Tornando indietro di qualche anno, una delle società che fanno riferimento alla famiglia Botticelli – la Asea – si era interessata anche della gestione della cava di Fondi, in località Le Molelle. Della vicenda si occupò la Direzione distrettuale antimafia di Roma, durante le indagini “Damasco”, che portarono a diversi arresti per usura, confermati recentemente dal Tribunale di Latina. La cava di Fondi era gestita nel gennaio del 2008 dai fratelli Di Meola, cugini del vice sindaco di Fondi Giulio Di Manno. Interrogati dai carabinieri di Latina, i fratelli Di Meola confermarono la presenza della Asea gestita da un “tale Claudio”. Secondo uno dei proprietari della cava di Fondi, Claudio Di Meola, la zona gestita da quella società era stata sequestrata dalla Forestale di Latina.

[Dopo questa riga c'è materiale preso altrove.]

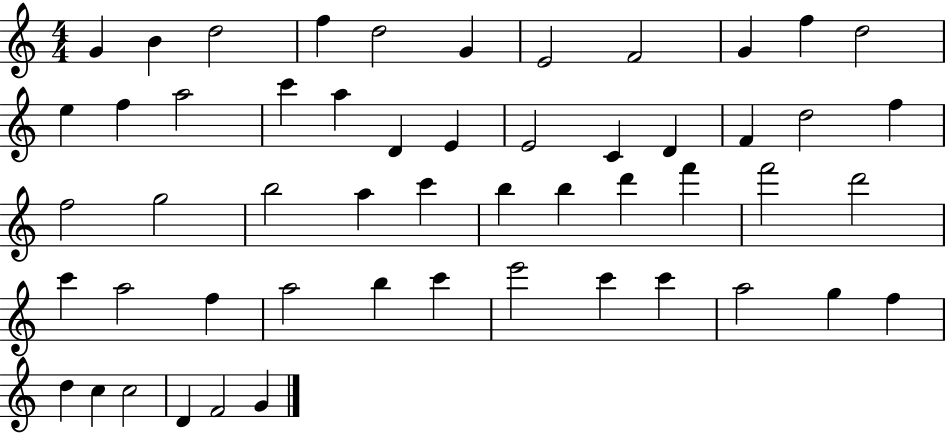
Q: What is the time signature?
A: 4/4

L’esperienza fondana della famiglia Botticelli non si ferma però alla cava. Grazie ai cugini del vice sindaco di quella giunta che il ministro dell’Interno Roberto Maroni tentò di sciogliere per infiltrazione mafiosa, il “tale Claudio” – che in realtà è il padre dei due ventenni soci della Ecologia Corcolle – conosce Massimo Anastasio Di Fazio, detto “Peticone”, che in quei mesi annunciava con un comunicato stampa un accordo per l’esportazione di rifiuti in Liberia, per la cifra di oltre 170 milioni di euro. Di quella vicenda è rimasta alle cronache una foto memorabile, che ritrae buona parte della famiglia Botticelli – si riconosce il “tale Claudio” e la figlia Nicoletta, firmataria del contratto di affitto della futura discarica di Corcolle – Massimo Anastasio Di Fazio, l’allora sindaco di Fondi Luigi Parisella – politico del Pdl della provincia di Latina, strettamente legato al senatore Claudio Fazzone – e la delegazione liberiana. Quando i carabinieri arrestarono per usura “Peticone”, il sindaco Parisella negò il suo coinvolgimento nell’accordo, spiegando la foto come un semplice ricordo.

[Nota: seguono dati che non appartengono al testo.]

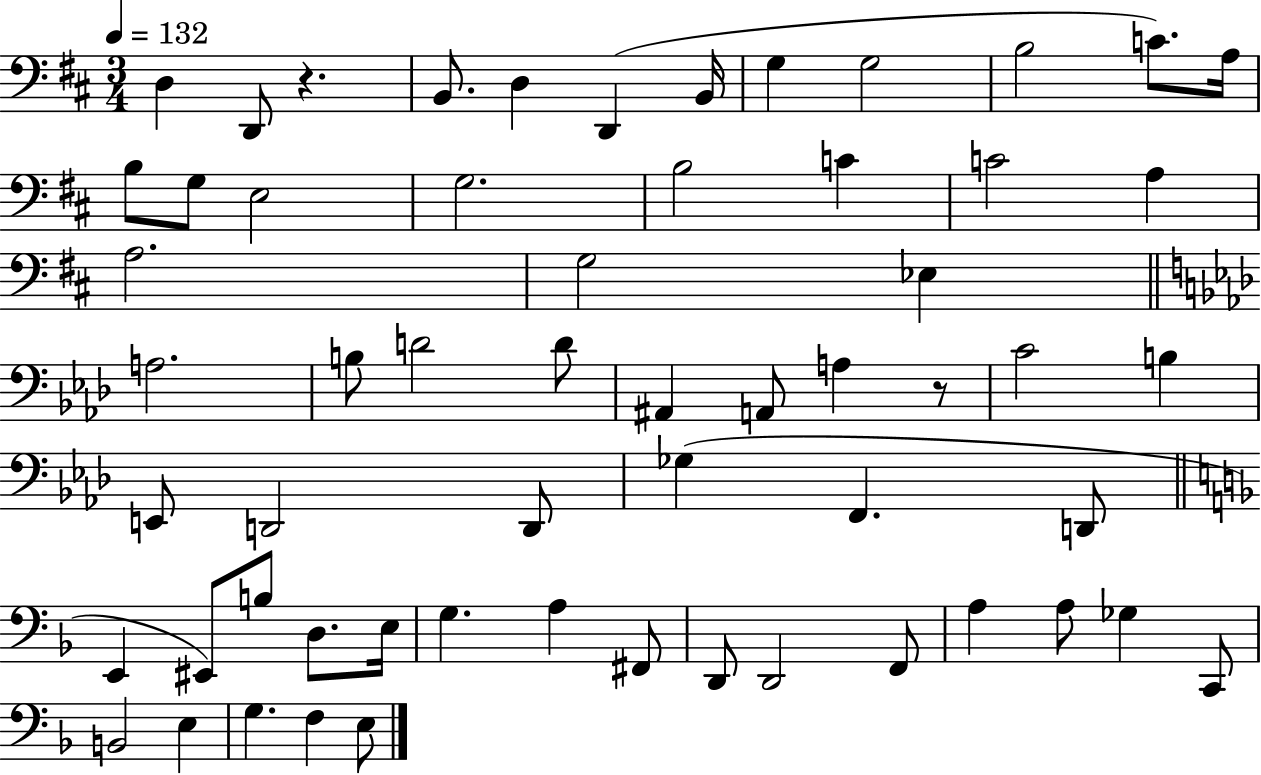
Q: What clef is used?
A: bass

Dopo l’esperienza fondana i Botticelli hanno puntato sulla provincia di Roma. Alla fine del 2008 si sono presentati a Lanuvio, come partner della società Stradaioli, proprietaria dell’ex cava di basalto. Su pressione del consiglio comunale, il sindaco Umberto Leoni chiese informazioni alla Prefettura di Roma, per capire se si poteva fidare della società che stava proponendo il delicato recupero ambientale dell’ex cava. La risposta arrivò più di un anno dopo, quando ormai la concessione era stata firmata ed era divenuta operativa. Il Prefetto di Roma in sostanza si limitò a inviare una copia del certificato antimafia negativo dell’Asea, non entrando nel merito della vicenda. Dopo meno di un mese è arrivato il sequestro dell’area.

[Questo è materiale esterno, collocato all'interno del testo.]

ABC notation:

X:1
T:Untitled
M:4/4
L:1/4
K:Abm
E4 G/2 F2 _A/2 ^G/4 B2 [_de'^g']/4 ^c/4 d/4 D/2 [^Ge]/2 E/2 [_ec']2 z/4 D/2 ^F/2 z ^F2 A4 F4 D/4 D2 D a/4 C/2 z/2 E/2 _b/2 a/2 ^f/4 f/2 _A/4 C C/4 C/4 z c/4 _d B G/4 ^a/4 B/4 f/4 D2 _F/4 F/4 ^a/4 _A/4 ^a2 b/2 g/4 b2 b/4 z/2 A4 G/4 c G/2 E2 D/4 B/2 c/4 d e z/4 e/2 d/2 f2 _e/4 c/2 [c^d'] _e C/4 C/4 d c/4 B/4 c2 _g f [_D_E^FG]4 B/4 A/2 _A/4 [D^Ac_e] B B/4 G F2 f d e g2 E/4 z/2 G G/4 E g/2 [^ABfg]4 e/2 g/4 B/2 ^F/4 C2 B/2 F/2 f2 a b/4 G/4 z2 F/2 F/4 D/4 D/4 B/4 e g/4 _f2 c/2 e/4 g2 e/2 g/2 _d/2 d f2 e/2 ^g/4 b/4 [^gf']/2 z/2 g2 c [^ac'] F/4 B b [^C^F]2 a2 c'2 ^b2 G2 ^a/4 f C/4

Risulta difficile oggi poter rintracciare i protagonisti della vicenda. Gli uffici della cava a Lanuvio e la sede operativa dell’Asea ad Aprilia sono in stato di abbandono. Il socio di Corcolle della famiglia Botticelli, Giuseppe Piccioni, raggiunto telefonicamente da ilfattoquotidiano.it, ha negato di conoscere questi imprenditori e si è rifiutato di commentare la notizia. Intanto da un anno le due società che si sono occupate delle cave di Fondi e di Lanuvio – la Asea srl e il Gruppo Asea srl, riconducibili ai Botticelli – hanno trasferito la loro sede legale in provincia di Treviso.